Ensure ample access to fresh, clean water. Water is required for all animals to maintain body temperature and under normal conditions, a high producing dairy cow will drink up to 50 gallons of water per day, while a beef cow will drink up to 15 gallons per day. Heat stress may cause cattle to increase their water intake up to 50%. Waterers should be installed in areas that are easily accessible for cattle and flow rate should be sufficient to support increased water demand. For dairy cattle, a waterer should be located near the exit of the milking parlor.
Provide shade. This is most basic component of heat abatement and should be provided for all cattle during high temperatures. For confined cattle, this is often in the form of a barn, shed, or shade cloth. Producers with cattle on pasture often rely on natural shade provided by trees. These producers may also consider providing access to a sacrifice area with manmade shade during the day and pasture turn-out at night.
Ensure adequate ventilation. Poor ventilation is often an issue inside barns or other manmade structures. These facilities should be opened up as much as possible to promote natural airflow by opening side curtains, windows, etc. Fans should also be installed in key areas, such as the feed bunk, over the free-stalls or bedded pack, and holding pen (dairy) to promote airflow.

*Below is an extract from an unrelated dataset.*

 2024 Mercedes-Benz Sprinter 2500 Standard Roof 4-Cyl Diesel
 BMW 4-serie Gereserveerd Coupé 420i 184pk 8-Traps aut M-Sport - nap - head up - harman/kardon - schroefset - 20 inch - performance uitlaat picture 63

Consider cooling with water only after there is shade and adequate ventilation. To be effective, this heat abatement strategy must be paired with sufficient airflow or fans to promote evaporative cooling. Simply soaking cattle without adequate airflow will only succeed in creating a more humid environment around the animals. Sprinklers/misters can be strategically placed at the feed bunk and the holding pen (dairy) for optimal cooling.